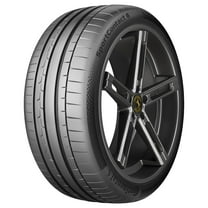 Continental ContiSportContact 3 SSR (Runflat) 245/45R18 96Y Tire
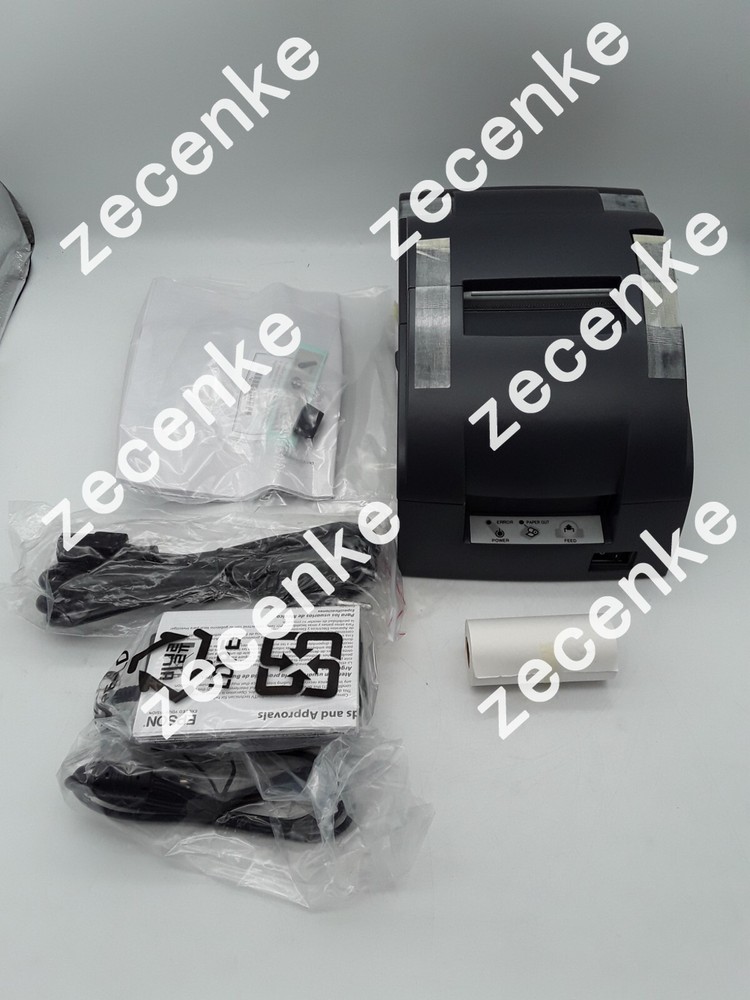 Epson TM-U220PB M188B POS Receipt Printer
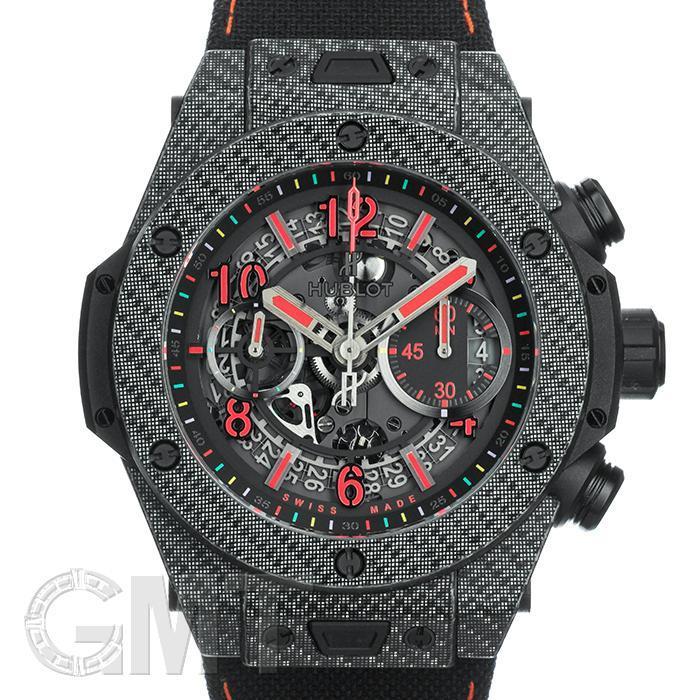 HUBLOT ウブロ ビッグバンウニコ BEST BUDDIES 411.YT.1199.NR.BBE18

+--

▶ BRIEF
Repeat the data above exactly, images excluded.

▶ FINISHED TASK
 Continental ContiSportContact 3 SSR (Runflat) 245/45R18 96Y Tire
 Epson TM-U220PB M188B POS Receipt Printer
 HUBLOT ウブロ ビッグバンウニコ BEST BUDDIES 411.YT.1199.NR.BBE18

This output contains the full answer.